Pourtant, dès 1900, une grave crise économique se développe. Ainsi que le souligne Lénine, elle a précipité la formation de monopoles, du capitalisme financier, la constitution définitive de l'impérialisme. Les monopoles s'opposent à la dévalorisation du capital, à la liquidation d'une partie du capital, qui sont pourtant des mécanismes indispensables à la liquidation de la crise, à la hausse du taux de profit. Tout au moins partiellement, le relèvement du taux de profit n'est plus dû aux mécanismes nouveaux du mode de production capitaliste. Le renouvellement du capital fixe dépend en grande partie de l'ouverture de marchés artificiels. Le parasitisme sous toutes ses formes, l'économie d'armement, deviennent les conditions pour surmonter les crises, maintenir et élever le taux de profit. Mandel, lorsqu'il écrivait son « Traité d'économie marxiste », spécifiait :

« Cycle 1900-1907 : essor de l'industrie sidérurgique (course aux armements), de la construction navale, des tramways, des centrales électriques et des installations téléphoniques. Développement du marché... de l'Afrique du Nord au Moyen-Orient. Premier développement de l'industrie lourde italienne. Dernière vague de construction ferroviaire en Afrique et en Asie. Cycle 1907-1913 : essor de l'industrie sidérurgique, d'armement et de la construction navale. Fin du boom de la construction des tramways. Développement du marché du Moyen-Orient. » (Tome 1, pages 447-448.)
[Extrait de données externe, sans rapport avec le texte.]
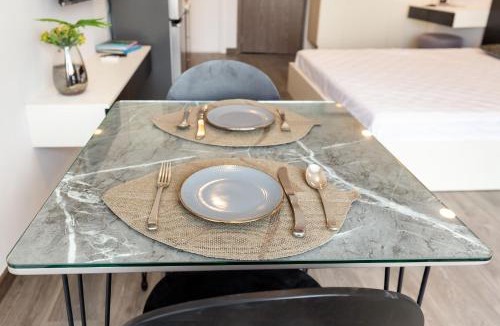 Phu Nhuan Apartment | F-Hotel & Apartment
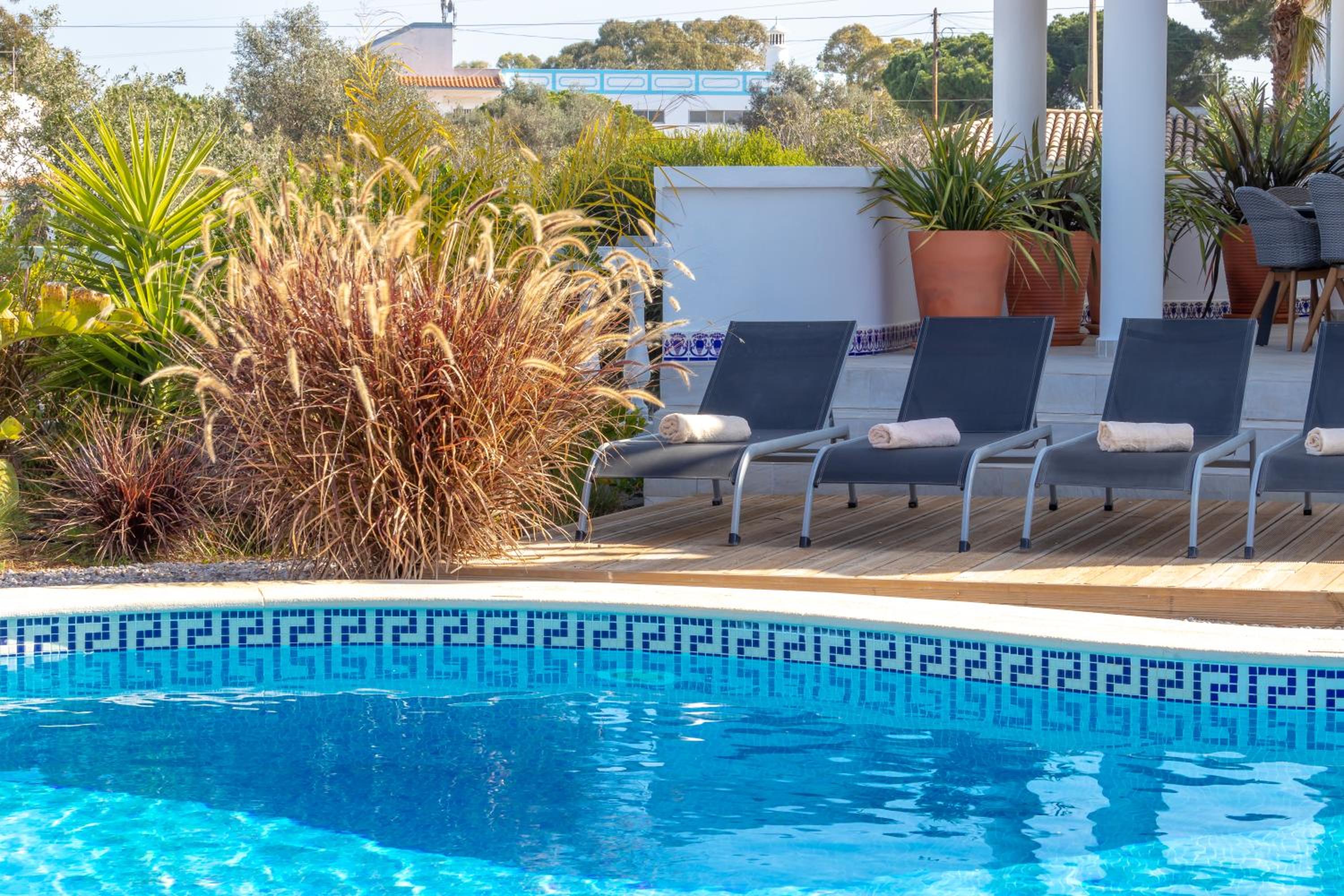 Villa Ocean Blue Ocean views Walk to beach Pool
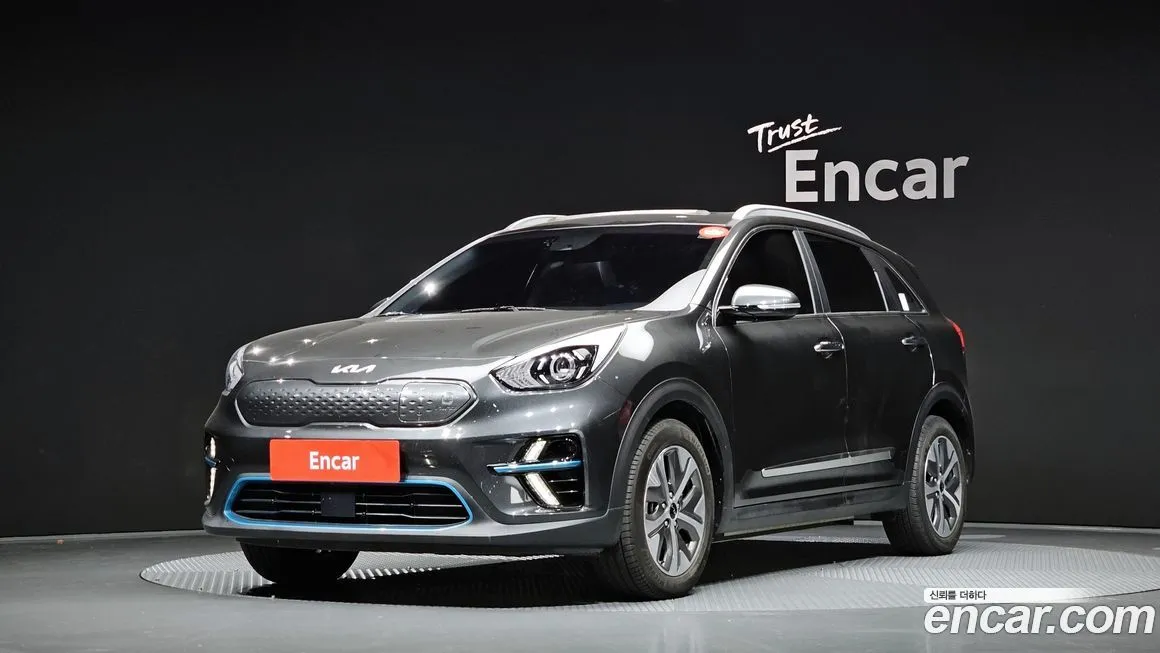 Kia Niro — фото 1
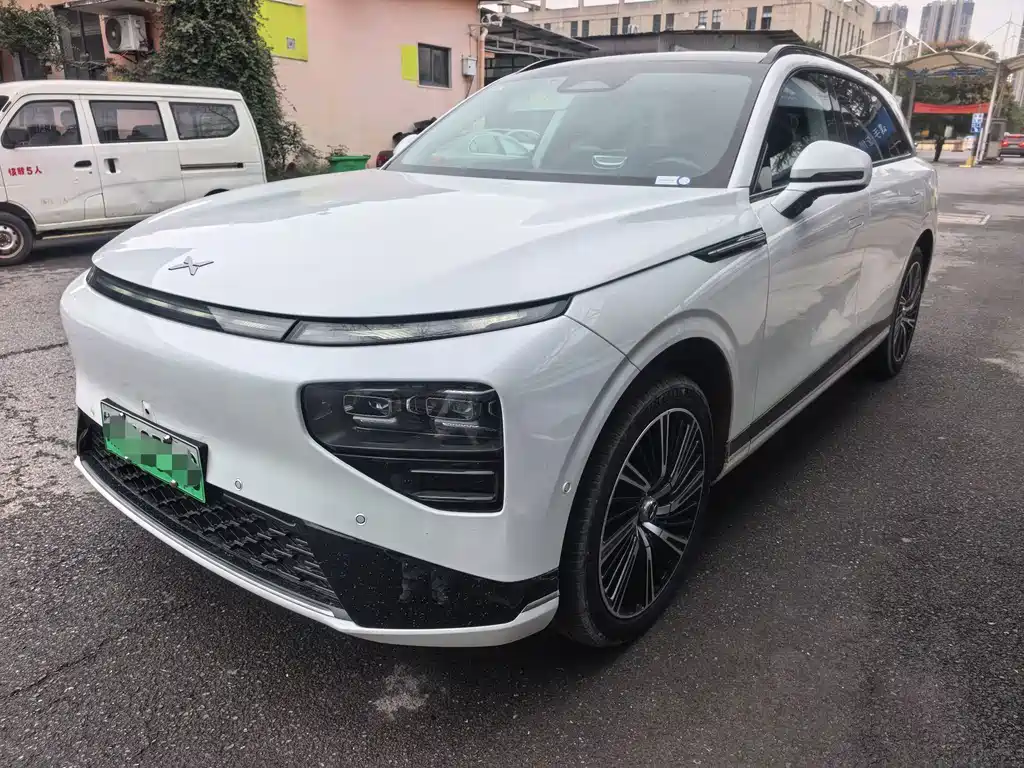 XPeng G9 — миниатюра 3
Le capitalisme de libre concurrence et le capitalisme de monopole sont les deux époques de l'histoire du capitalisme. L'une est celle de l'essor, du rôle progressif du capitalisme. L'autre est celle de la négation du mode de production capitaliste dans le cadre du mode de production capitaliste. C'est un saut qualitatif, une rupture historique. La première guerre mondiale, qui met aux prises toutes les grandes puissances capitalistes devenues impérialistes pour un nouveau partage du monde, pour la suprématie politique, militaire, économique sur le monde, le développement fantastique des armements, des armées, la dimension nouvelle des Etats bourgeois et de leurs fonctions, donnent la mesure de cette rupture et signifient à tous de façon tragique que le capitalisme est devenu la réaction sur toute la ligne.